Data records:
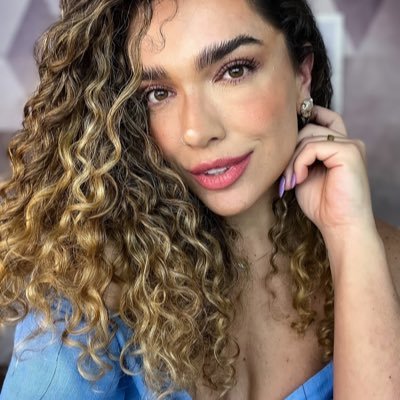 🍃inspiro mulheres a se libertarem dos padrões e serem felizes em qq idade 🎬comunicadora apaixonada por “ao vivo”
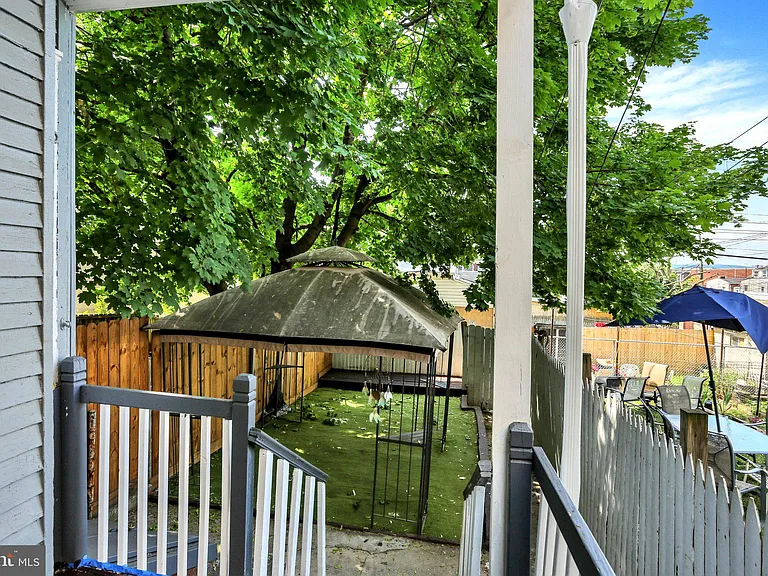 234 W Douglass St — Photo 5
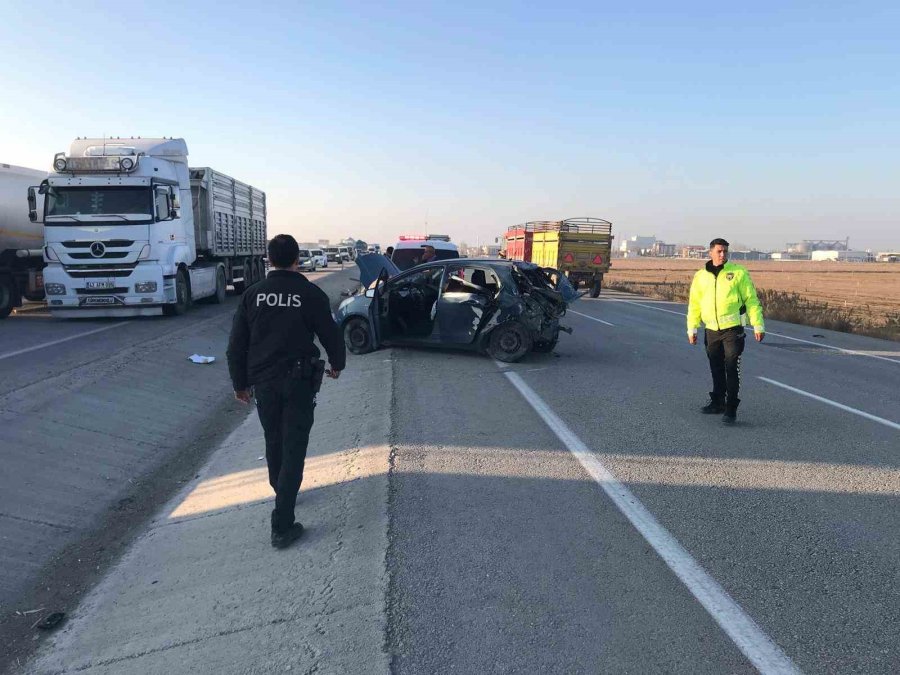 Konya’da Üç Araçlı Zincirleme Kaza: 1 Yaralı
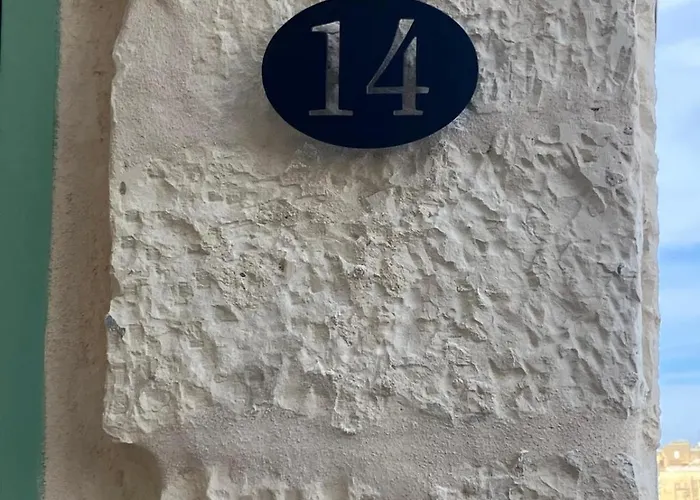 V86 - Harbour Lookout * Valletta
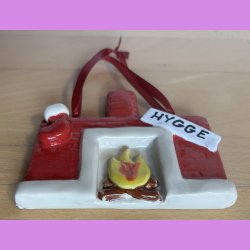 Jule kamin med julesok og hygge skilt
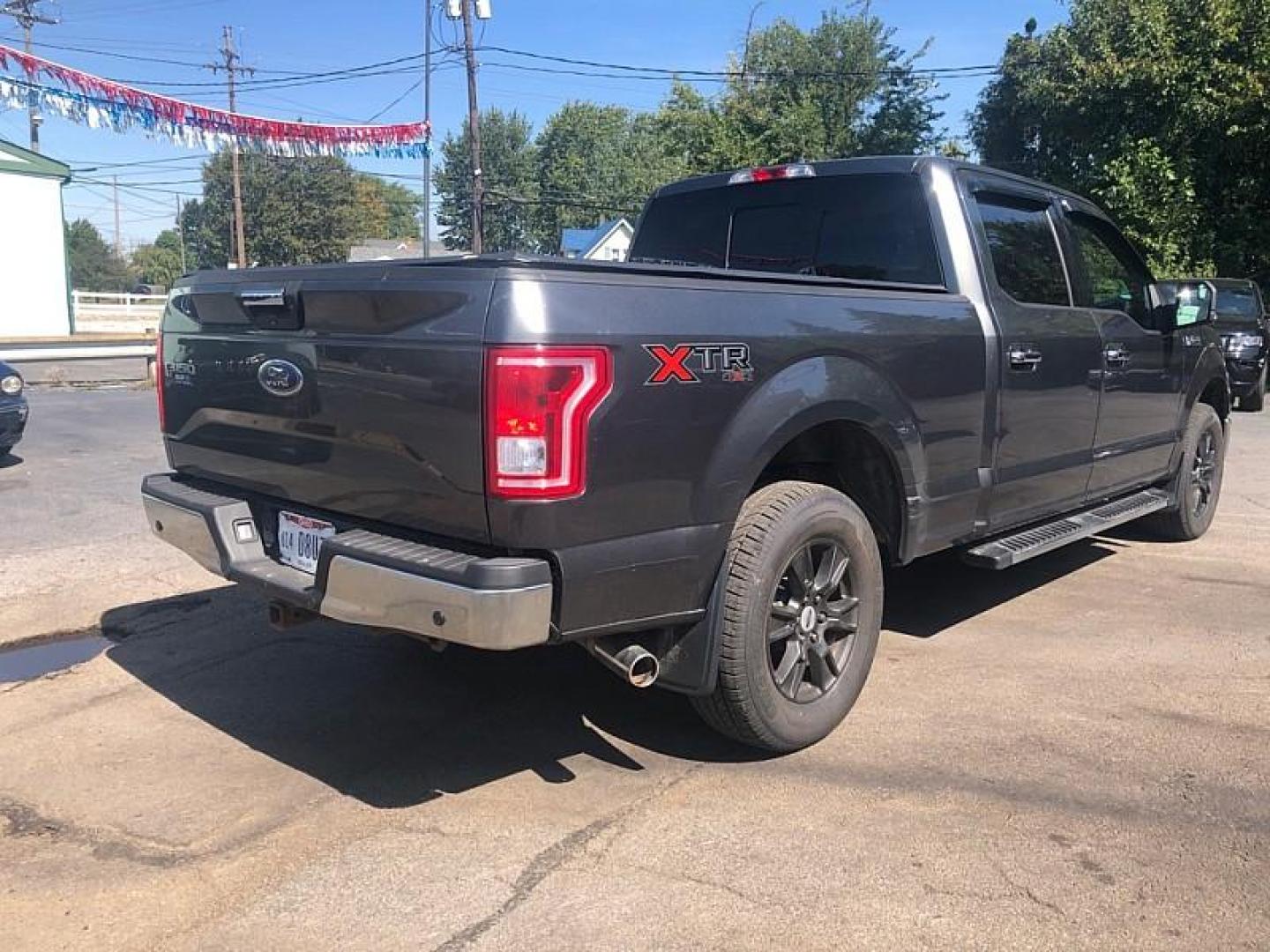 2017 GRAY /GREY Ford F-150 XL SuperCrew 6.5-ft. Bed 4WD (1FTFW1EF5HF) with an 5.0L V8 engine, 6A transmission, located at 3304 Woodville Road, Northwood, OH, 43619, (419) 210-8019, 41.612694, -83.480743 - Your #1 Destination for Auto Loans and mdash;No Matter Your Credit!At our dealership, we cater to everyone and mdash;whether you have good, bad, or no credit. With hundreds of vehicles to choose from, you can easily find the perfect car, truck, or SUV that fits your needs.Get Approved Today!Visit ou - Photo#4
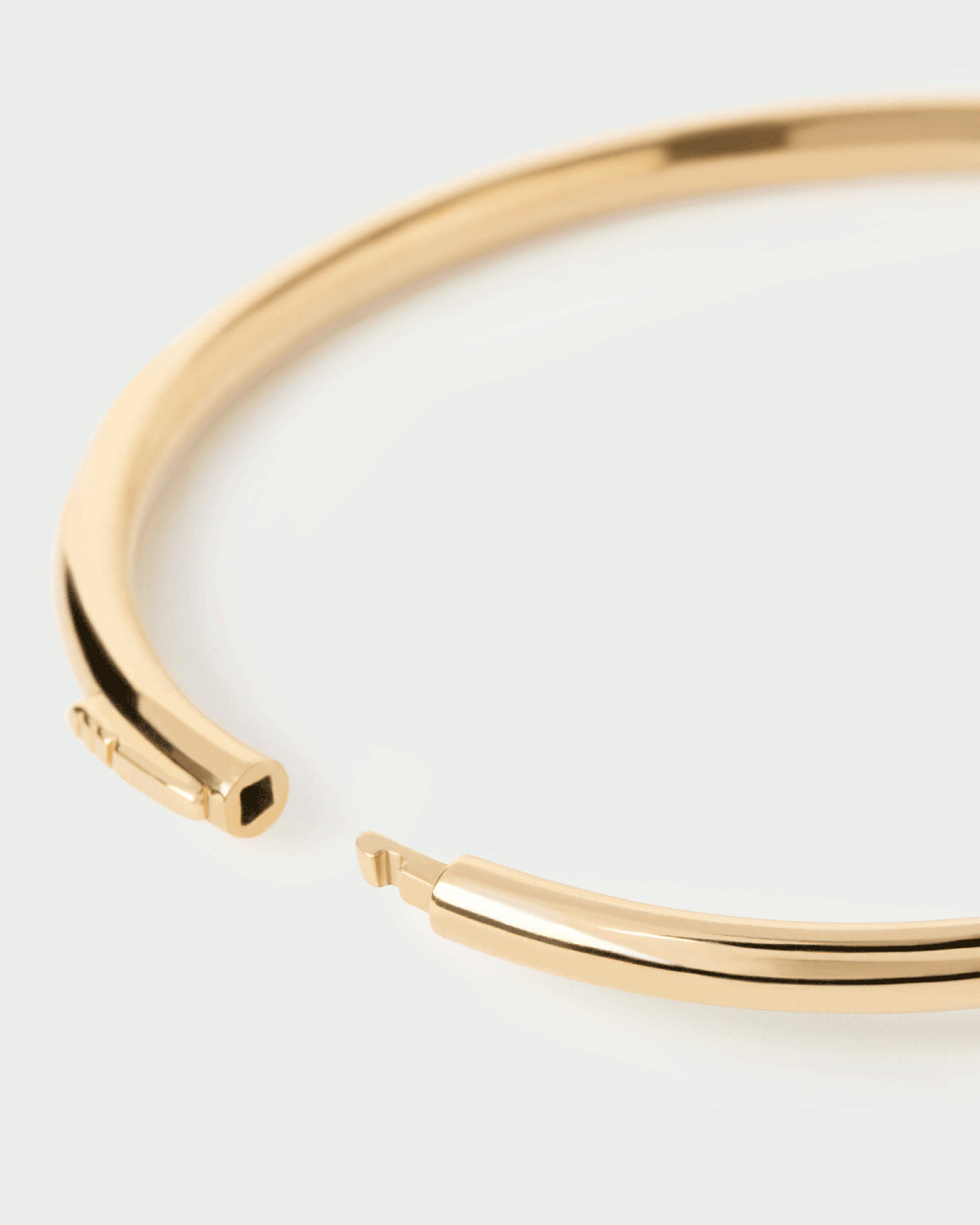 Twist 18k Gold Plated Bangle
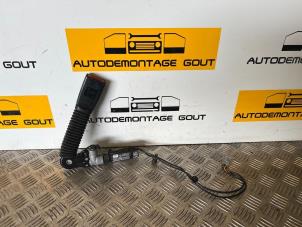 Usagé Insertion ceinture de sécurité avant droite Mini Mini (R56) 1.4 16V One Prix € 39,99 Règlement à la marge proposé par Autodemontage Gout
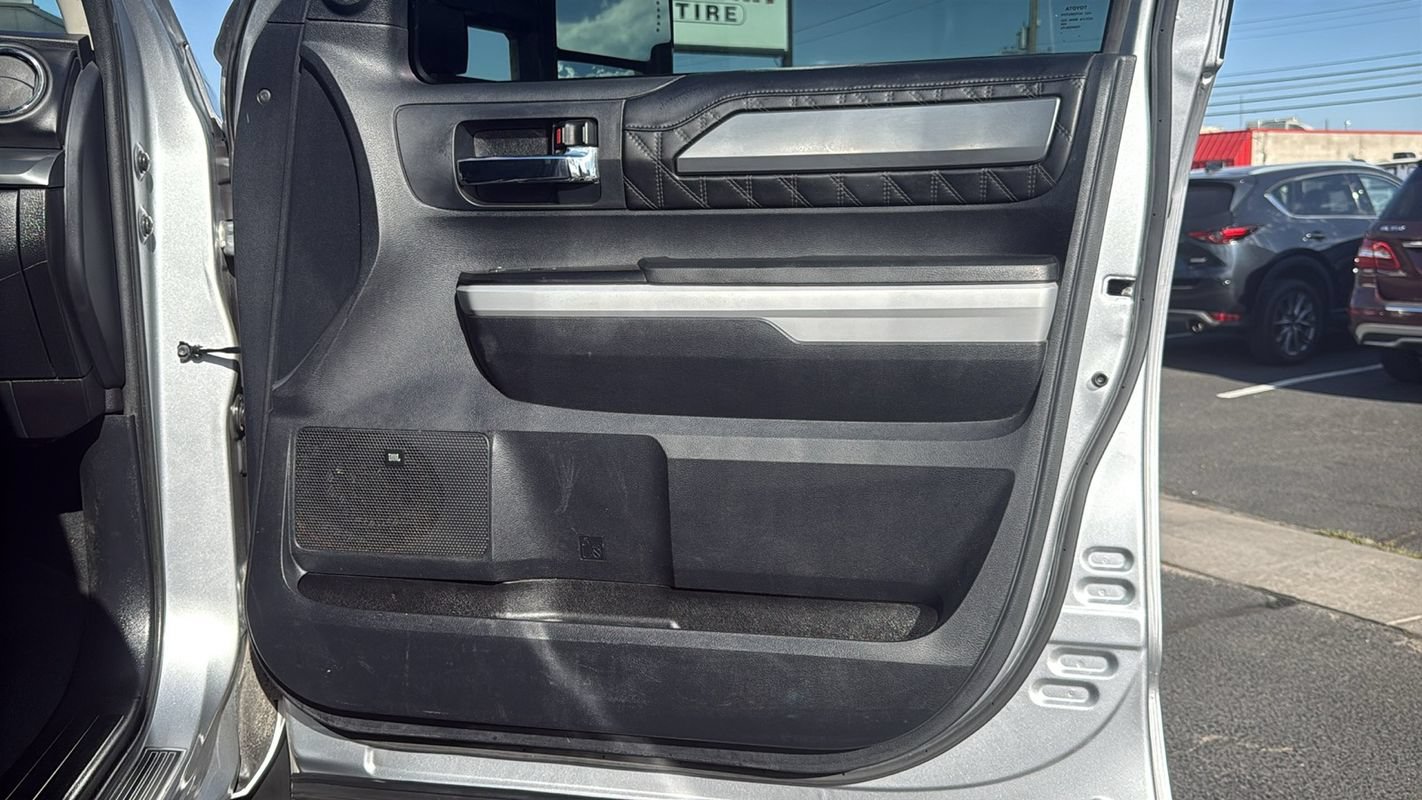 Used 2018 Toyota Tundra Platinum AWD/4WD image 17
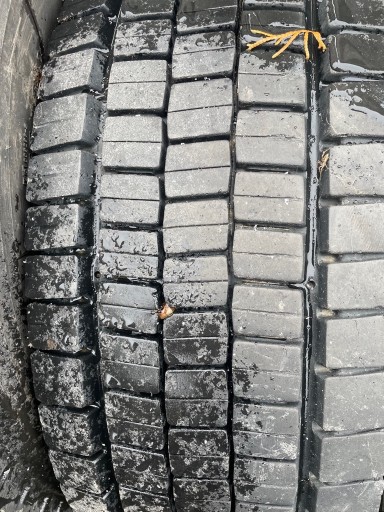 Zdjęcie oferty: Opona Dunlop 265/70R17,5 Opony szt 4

## What is needed
The data above needs to be retyped exactly, with the images left out.

## Exercise output
 🍃inspiro mulheres a se libertarem dos padrões e serem felizes em qq idade 🎬comunicadora apaixonada por “ao vivo”
 234 W Douglass St — Photo 5
 Konya’da Üç Araçlı Zincirleme Kaza: 1 Yaralı
 V86 - Harbour Lookout * Valletta
 Jule kamin med julesok og hygge skilt
 2017 GRAY /GREY Ford F-150 XL SuperCrew 6.5-ft. Bed 4WD (1FTFW1EF5HF) with an 5.0L V8 engine, 6A transmission, located at 3304 Woodville Road, Northwood, OH, 43619, (419) 210-8019, 41.612694, -83.480743 - Your #1 Destination for Auto Loans and mdash;No Matter Your Credit!At our dealership, we cater to everyone and mdash;whether you have good, bad, or no credit. With hundreds of vehicles to choose from, you can easily find the perfect car, truck, or SUV that fits your needs.Get Approved Today!Visit ou - Photo#4
 Twist 18k Gold Plated Bangle
 Usagé Insertion ceinture de sécurité avant droite Mini Mini (R56) 1.4 16V One Prix € 39,99 Règlement à la marge proposé par Autodemontage Gout
 Used 2018 Toyota Tundra Platinum AWD/4WD image 17
 Zdjęcie oferty: Opona Dunlop 265/70R17,5 Opony szt 4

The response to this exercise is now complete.